L’affaire fait grand bruit dans la région. La Financial Crimes Commission (FCC) de Maurice mène actuellement une enquête approfondie sur des transferts financiers suspects impliquant Mamy Ravatomanga, homme d’affaires malgache influent et figure controversée du monde politico-économique de l’océan Indien.
Cette affaire, aux ramifications multiples entre Madagascar, Maurice et Dubaï, met en lumière les zones grises de la finance offshore et la vigilance accrue des autorités mauriciennes.
Des comptes gelés et des perquisitions à Maurice
Le 17 octobre 2025, la FCC a ordonné le gel des comptes bancaires de Mamy Ravatomanga et de plusieurs entités qui lui sont liées, notamment sa société Global Business Company (GBC). Sont également concernés ses proches et son épouse, leurs avoirs étant désormais placés sous étroite surveillance.

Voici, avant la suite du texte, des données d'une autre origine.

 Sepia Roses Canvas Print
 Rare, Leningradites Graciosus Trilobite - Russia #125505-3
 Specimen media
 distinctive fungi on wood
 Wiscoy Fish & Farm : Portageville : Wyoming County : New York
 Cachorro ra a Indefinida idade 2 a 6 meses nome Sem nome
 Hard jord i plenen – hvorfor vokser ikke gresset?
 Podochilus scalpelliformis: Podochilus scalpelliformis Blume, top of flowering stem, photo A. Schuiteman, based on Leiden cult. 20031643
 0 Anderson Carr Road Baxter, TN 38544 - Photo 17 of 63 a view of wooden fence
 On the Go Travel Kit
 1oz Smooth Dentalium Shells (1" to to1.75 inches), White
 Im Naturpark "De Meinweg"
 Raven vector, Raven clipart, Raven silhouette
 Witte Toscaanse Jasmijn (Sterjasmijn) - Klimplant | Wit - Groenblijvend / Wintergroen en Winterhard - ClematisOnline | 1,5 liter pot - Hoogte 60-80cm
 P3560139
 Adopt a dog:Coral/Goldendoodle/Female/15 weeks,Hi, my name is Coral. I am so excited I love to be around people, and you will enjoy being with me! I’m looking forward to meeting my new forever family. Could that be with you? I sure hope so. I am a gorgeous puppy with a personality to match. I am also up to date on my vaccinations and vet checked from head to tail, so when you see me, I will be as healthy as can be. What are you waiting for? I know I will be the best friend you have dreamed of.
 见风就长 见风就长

Le 21 octobre, des perquisitions simultanées ont été menées dans le nord de l’île, notamment au domicile du fils de Mamy Ravatomanga et chez un employé proche. Objectif : retracer les flux financiers ayant pu transiter par des banques mauriciennes avant d’atteindre Dubaï.
Cependant, la défense du businessman conteste la méthode. Ses avocats dénoncent une opération « sans fondement clair », assimilée à une « fishing expedition » — une recherche au hasard, dans l’espoir de trouver des preuves.
Des montages financiers opaques et sophistiqués
L’un des points les plus sensibles du dossier réside dans la complexité du réseau financier mis en place.
Les premières analyses révèlent une succession d’entreprises imbriquées : une société mauricienne GBC détenue par une entreprise malgache, elle-même contrôlée par une autre entité locale, le tout rattaché à une holding enregistrée sous le régime d’une “Protected Cell Company” (PCC).
Ce type de structure, souvent utilisé pour protéger les actifs, rend la traçabilité des fonds particulièrement difficile.
Les comptes, libellés en devises étrangères, servaient à des opérations internationales régulières, justifiées par les affaires du groupe de Mamy Ravatomanga, actif dans divers secteurs : médias, BTP, commerce et exportation.
La FCC cherche à déterminer si ces opérations respectent bien les normes anti-blanchiment et anticorruption, ou si elles masquent un système de transferts illicites.
Enjeux régionaux et tensions politiques
L’affaire intervient dans un contexte tendu à Madagascar, marqué par des manifestations le 25 septembre 2025 et une surveillance accrue des élites économiques.
Mamy Ravatomanga, souvent décrit comme la deuxième fortune du pays, entretient depuis longtemps des liens étroits avec le pouvoir politique.
Installé à Maurice où il dispose d’un permis de résidence, il n’a pas pu quitter l’île depuis le gel de ses comptes.
Les autorités mauriciennes collaborent désormais avec des magistrats malgaches et d’autres organismes internationaux pour lever le voile sur un réseau financier transfrontalier.
Selon certaines estimations, plusieurs milliards d’ariary pourraient être concernés par ces flux entre Antananarivo, Port-Louis et Dubaï.
Une enquête au long cours
Les prochaines semaines s’annoncent cruciales.
Les enquêteurs de la FCC vont examiner les registres d’actionnariat, les contrats de gestion, et les transactions inter-entreprises afin d’identifier la nature exacte des transferts.
Une assistance judiciaire internationale pourrait également être sollicitée pour suivre la piste des fonds à Dubaï.
Pour l’heure, aucune charge formelle n’a été retenue, mais la pression monte autour du magnat malgache, dont la réputation et les affaires sont désormais sous haute surveillance.
Une affaire symbole des défis régionaux
Au-delà du cas individuel, cette enquête révèle les failles systémiques de la lutte contre les flux financiers illicites dans la région.
L’axe Maurice–Madagascar–Dubaï illustre les nouveaux circuits du capital dans l’océan Indien, entre opportunités économiques et zones d’ombre réglementaires.
Une chose est sûre : la FCC entend frapper fort pour affirmer son rôle de gendarme régional face aux montages offshore douteux.
L’issue de cette affaire pourrait bien redessiner les rapports entre finance, politique et justice dans l’espace insulaire.